Package 'EzGP' reference manual

Title:	Easy-to-Interpret Gaussian Process Models for Computer Experiments
Description:	Fit model for datasets with easy-to-interpret Gaussian process modeling, predict responses for new inputs. The input variables of the datasets can be quantitative, qualitative/categorical or mixed. The output variable of the datasets is a scalar (quantitative). The optimization of the likelihood function can be chosen by the users (see the documentation of EzGP_fit()).

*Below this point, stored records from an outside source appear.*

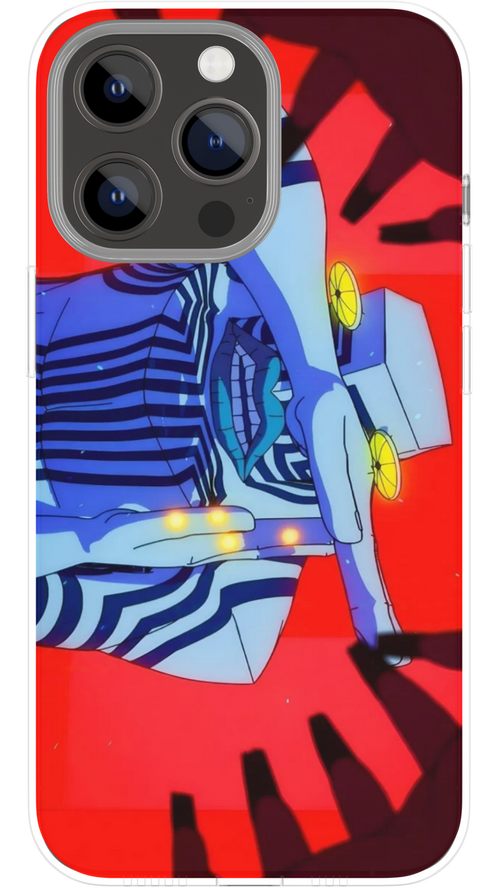 Case Alien Psicodélico - Dan Da Dan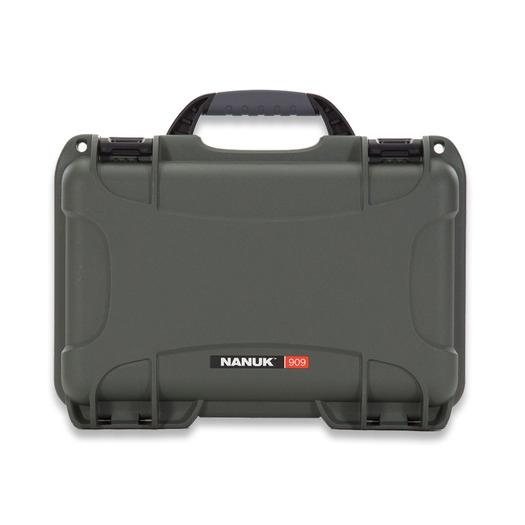Nanuk 909 Waterproof Case, olivengr&oslash;nn
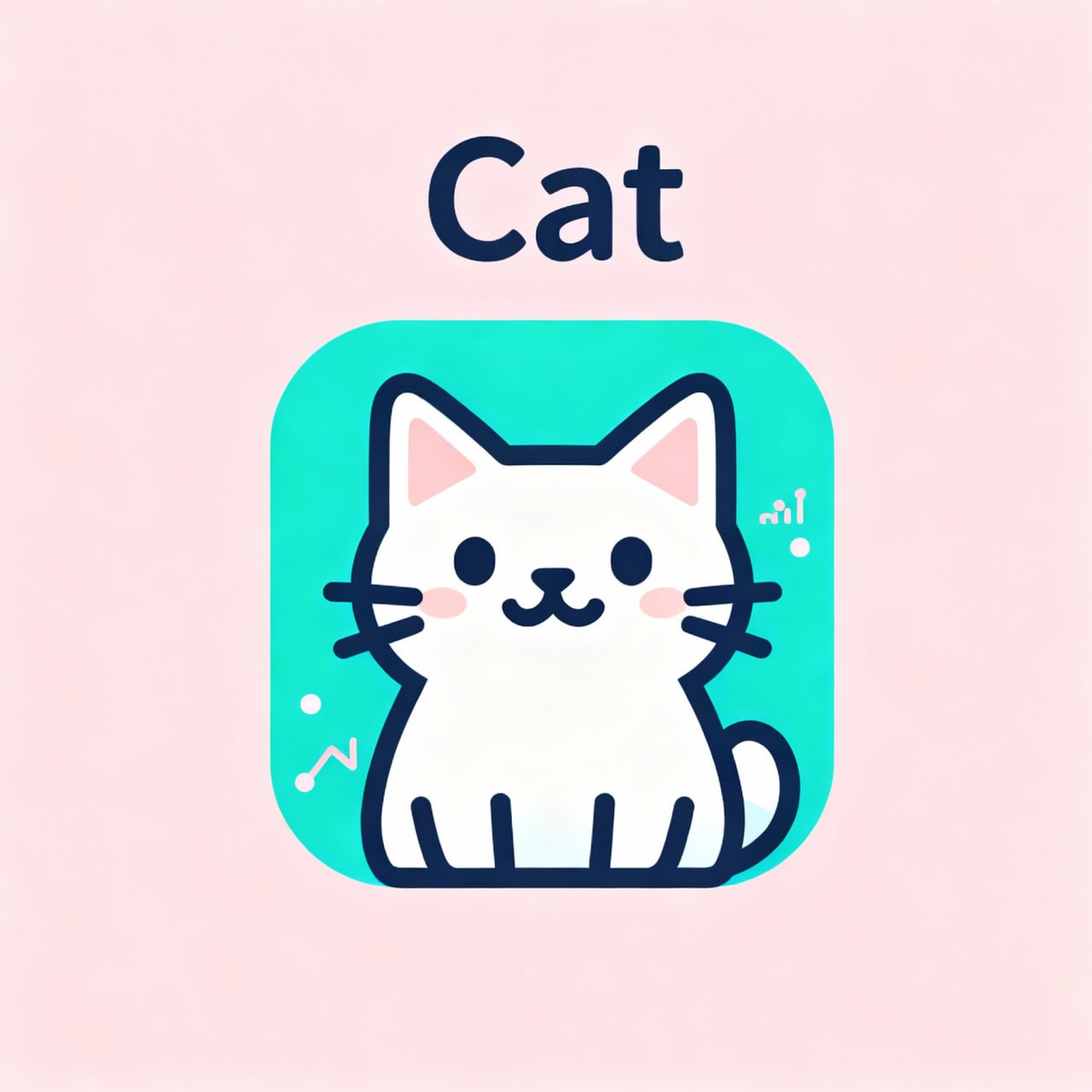 Демо-игра Cat - игровое мини-приложение с аналитикой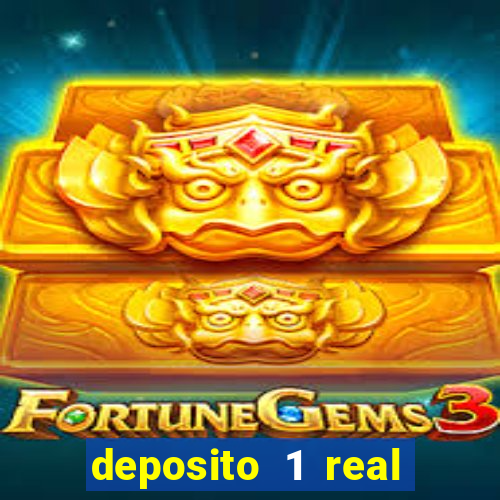 deposito 1 real fortune tiger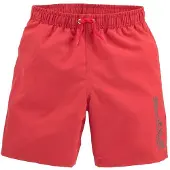 s.Oliver Bermudas gris oscuro / rojo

The modeling method is published in "EzGP: Easy-to-Interpret Gaussian Process Models for Computer Experiments with Both Quantitative and Qualitative Factors" by Qian Xiao, Abhyuday Mandal, C. Devon Lin, and Xinwei Deng (2022) <doi:10.1137/19M1288462>.
Authors:	Jiayi Li [cre, aut], Qian Xiao [aut], Abhyuday Mandal [aut], C. Devon Lin [aut], Xinwei Deng [aut]
Maintainer:	Jiayi Li <jiayili0123@outlook.com>
License:	GPL-2
Version:	0.1.0
Built:	2025-03-24 06:41:35 UTC
Source:	CRAN

The Function for Constructing the Covariance Matrix in `EzGP` Package

Description

Builds the covariance matrix for the given dataset according to different models.

Usage

cov_m(X, p, q, m, n, parv, tau = 0, models = 0)
cov_m(X, p, q, m, n, parv, tau = 0, models = 0)

Arguments

`X`	Matrix or data frame containing the inputs of training data. Each row represents the input setting of a data point and the columns are values of quantitative variables and qualitative variables.
`p`	Number of quantitative factors in the given dataset `X`.
`q`	Number of qualitative factors in the given dataset `X`.
`m`	A vector containing numbers of levels in qualitative factors.
`n`	Number of training data points
`parv`	Parameters in the EzGP/EEzGP model
`tau`	Nugget if needed. The default nugget is 0, otherwise it has to be a non-negative real value.
`models`	Model indicator that indicates which model the covariance matrix is built for. 0 for EzGP model, 1 for EEzGP model. The default setting is 0.

Details

EzGP_fit, EzGP_predict, EEzGP_fit, EEzGP_predict, LEzGP_fit, and LLF_gradients will call this function.

Value

The covariance matrix for the given dataset.

Note

This function is used inside other functions in this package and is NOT exported once the EzGP package is loaded.

References

"EzGP: Easy-to-Interpret Gaussian Process Models for Computer Experiments with Both Quantitative and Qualitative Factors", Qian Xiao, Abhyuday Mandal, C. Devon Lin, and Xinwei Deng (doi:10.1137/19M1288462)

Examples

# see the examples in the documentation of the function EzGP_fit.
# see the examples in the documentation of the function EzGP_fit.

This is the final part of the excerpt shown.